#### What the exercise asks
Every line containing "Pair" should be copied out. Go through the entries and find them.

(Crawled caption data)
------------------------------------------------------------

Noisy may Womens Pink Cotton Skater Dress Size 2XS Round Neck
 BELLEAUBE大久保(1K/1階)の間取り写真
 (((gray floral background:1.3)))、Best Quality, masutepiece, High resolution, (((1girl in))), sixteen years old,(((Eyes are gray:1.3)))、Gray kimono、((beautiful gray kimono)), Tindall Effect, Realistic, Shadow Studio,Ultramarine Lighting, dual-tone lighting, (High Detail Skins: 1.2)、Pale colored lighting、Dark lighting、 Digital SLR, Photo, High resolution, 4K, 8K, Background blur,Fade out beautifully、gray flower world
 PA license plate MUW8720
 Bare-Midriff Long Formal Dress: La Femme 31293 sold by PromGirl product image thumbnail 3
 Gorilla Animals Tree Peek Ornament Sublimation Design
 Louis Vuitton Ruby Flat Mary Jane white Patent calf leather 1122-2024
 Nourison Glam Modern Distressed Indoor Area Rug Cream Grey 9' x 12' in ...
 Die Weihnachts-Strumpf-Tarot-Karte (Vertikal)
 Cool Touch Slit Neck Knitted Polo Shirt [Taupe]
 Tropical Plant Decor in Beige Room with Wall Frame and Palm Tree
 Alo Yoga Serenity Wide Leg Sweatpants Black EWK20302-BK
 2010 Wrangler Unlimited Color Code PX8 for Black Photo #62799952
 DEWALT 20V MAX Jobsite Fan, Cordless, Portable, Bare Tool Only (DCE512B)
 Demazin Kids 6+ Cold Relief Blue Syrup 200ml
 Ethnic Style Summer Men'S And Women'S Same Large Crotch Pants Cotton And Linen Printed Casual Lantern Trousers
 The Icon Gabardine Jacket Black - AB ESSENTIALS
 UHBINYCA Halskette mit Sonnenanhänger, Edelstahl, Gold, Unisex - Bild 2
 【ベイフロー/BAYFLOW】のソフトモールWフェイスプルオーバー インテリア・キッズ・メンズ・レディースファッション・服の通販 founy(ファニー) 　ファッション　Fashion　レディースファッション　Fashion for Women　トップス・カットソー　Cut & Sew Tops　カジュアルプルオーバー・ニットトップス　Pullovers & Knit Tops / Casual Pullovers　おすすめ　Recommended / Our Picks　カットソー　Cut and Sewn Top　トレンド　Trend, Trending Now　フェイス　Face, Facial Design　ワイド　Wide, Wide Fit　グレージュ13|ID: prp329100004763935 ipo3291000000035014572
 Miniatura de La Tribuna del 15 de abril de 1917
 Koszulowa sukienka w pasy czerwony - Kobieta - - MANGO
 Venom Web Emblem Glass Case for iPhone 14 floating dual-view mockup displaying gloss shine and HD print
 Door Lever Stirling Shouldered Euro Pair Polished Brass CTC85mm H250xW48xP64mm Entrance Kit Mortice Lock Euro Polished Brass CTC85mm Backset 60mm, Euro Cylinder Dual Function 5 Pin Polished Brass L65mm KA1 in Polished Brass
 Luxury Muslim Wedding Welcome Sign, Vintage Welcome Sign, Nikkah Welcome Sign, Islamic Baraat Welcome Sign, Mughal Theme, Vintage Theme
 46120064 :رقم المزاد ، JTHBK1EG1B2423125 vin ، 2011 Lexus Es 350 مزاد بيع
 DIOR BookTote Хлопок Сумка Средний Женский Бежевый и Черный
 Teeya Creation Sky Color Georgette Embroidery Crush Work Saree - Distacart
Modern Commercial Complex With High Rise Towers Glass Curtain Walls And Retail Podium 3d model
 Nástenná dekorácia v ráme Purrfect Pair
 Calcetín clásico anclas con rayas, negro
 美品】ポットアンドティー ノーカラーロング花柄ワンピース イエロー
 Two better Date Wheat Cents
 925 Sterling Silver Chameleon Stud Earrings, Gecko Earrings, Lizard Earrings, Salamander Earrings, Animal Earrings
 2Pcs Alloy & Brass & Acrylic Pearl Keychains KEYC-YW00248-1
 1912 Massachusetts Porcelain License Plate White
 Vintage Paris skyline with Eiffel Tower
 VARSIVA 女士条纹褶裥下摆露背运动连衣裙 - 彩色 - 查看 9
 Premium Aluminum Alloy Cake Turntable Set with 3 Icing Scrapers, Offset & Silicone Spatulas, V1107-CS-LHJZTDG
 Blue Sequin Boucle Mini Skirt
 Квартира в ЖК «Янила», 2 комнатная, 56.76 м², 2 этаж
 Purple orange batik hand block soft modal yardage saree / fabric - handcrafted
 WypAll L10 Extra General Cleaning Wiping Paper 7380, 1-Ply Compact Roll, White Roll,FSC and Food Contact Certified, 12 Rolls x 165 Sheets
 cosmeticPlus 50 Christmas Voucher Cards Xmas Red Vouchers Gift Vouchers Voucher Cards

------------------------------------------------------------

#### Output for this exercise
 Door Lever Stirling Shouldered Euro Pair Polished Brass CTC85mm H250xW48xP64mm Entrance Kit Mortice Lock Euro Polished Brass CTC85mm Backset 60mm, Euro Cylinder Dual Function 5 Pin Polished Brass L65mm KA1 in Polished Brass
 Nástenná dekorácia v ráme Purrfect Pair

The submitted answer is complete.